Stabbing rampage leaves 19 dead, 25 injured in Japan's worst mass murder in decades

Source:Xinhua Published: 2016/7/26 14:33:17

Following a fatal stabbing spree carried out by a lone male assailant at a care facility for people with disabilities in Japan's Kanagawa Prefecture west of Tokyo in the early hours of Tuesday morning, 19 people have been left dead and at least 25 others injured, 20 of whom have sustained critical wounds, local police and investigative sources said.

Local police stationed in Sagamihara City where the attack took place have since confirmed the arrest of Satoshi Uematsu, 26, in conjunction with the mass killings, after he turned himself in at around 3:00 am local time, shortly after the savage stabbing rampage took place at the care facility.

Local police quoted the suspected assailant as saying "I did it" upon his arrival at Tsukui Police Station, where a bloodied Uematsu had driven himself after the attack at the residential home that took care of people of all ages with mental disabilities, to hand himself in to police custody.

Uematsu was also quoted by the police as saying, "It's better that the disabled disappear."

Investigative sources believe that the assailant, who, although currently unemployed, claimed he used to work at the Tsukui Yamayuri-en care facility where he systematically bludgeoned dozens of disabled residents, may be harboring deep resentment for those with disabilities, or for the facility itself where he used to work.

Uematsu, who was carrying a bag full of bloodied knives and blades of different sizes when he arrived at the police station after the frenzied attack, has been identified as living not far from the care facility, and is currently undergoing mental health checks, sources close to the matter said Tuesday, as part of the police's investigation.

His actual motive for the deaths of 10 women and 9 men, according to the current death toll from hospital officials, however, is still being investigated, according to local officials.

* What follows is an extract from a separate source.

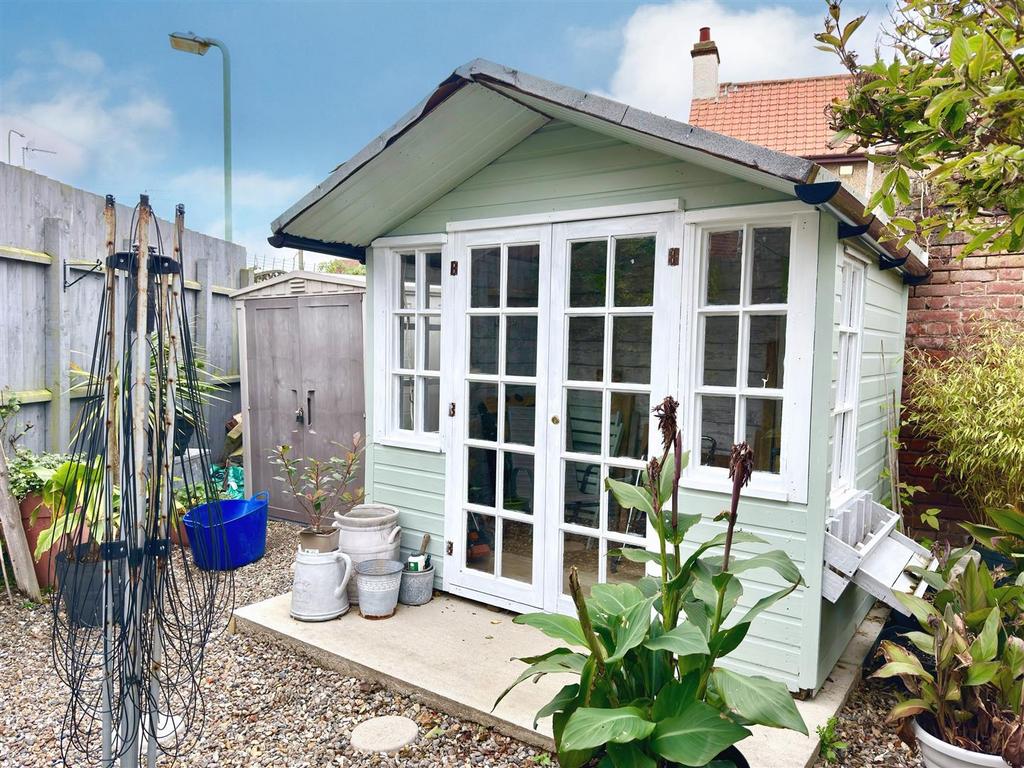 SUMMERHOUSE.jpg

Hospital staff talking to local media said the death toll will likely rise, however, as many of those injured in the attack sustained serious "life threatening injuries."

Kitasato University Hospital admitted 13 patients who had been stabbed and slashed, with staff there saying that at least eight of them had "suffered serious neck injuries."

Police were first alerted to the mass killing, following a desperate call from a shaken employee just after 2:30 a.m. who said that a man wielding a knife had just broken into the facility.

The employee was quoted as saying to the police that a man had "broken into the facility" and that "something horrible" was happening.

The operator of the care home said Uematsu had broken into the facility by smashing a window with a hammer at the east residential building. Police retrieved a hammer from outside the broken window, they confirmed, adding that Uematsu had almost certainly gained access to the building at this point.

Being that he had knowledge of the layout of the facility, investigators said that Uematsu made his way around the building systematically stabbing the vulnerable residents multiple times as they either slept or lay helpless in their beds.

Police, however, were on the scene within minutes, the facility owner said, by which point the suspect had driven off, meaning his multiple slayings were carried out swiftly from bed to bed and with almost military-like precision.

On turning himself into the police, Uematsu was arrested on suspicion of attempted murder and unlawful entry to a building, local police sources said.

The residential care facility, the name of which translates in English to Tsukui Lily Garden, is run by a social welfare organization and was initially developed by the local government.

The facility, with its 30,000-square-meter area, can house up to 160 residents and according to local sources as many as 149 residents were on site when the attack happened, many of whom are believed to be in their sixties.

The facility is located some 50 km from central Tokyo in a residential area surrounded by houses and an elementary school and housed residents aged between 18 and 70 years of age, with 40 of them believed to be aged over 60.

All of the residents, the health ministry said, are designated as being between levels 4 and 6 in terms of how much care they require. Around 115 of those residing at the facility have been categorized as level 6, the ministry said, the highest care level on the scale.

Tuesday's attack marks the worst mass killing Japan has seen in decades, with the government here condemning the attack as being "highly distressing."

Other deadly mass murders here include the 1995 Aum Shinrikyo cult's sarin gas attack on Tokyo's subway system which killed 13 people and injured thousands more and a 1999 attack which saw a man ram his car into a station in Shimonoseki station and go on a stabbing spree killing a total of 5 and injuring 10.

In 2001, 8 children were killed and 15 injured following a stabbing spree at an elementary school in Ikeda, which rocked the nation, and in 2008 after ploughing his truck into pedestrians in Tokyo's Akihabara district, a knife-wielding man killed a total of 7 people and injured 10 others.

Also in 2008, 16 lives were lost following a deadly arson attack at a video parlor in Osaka.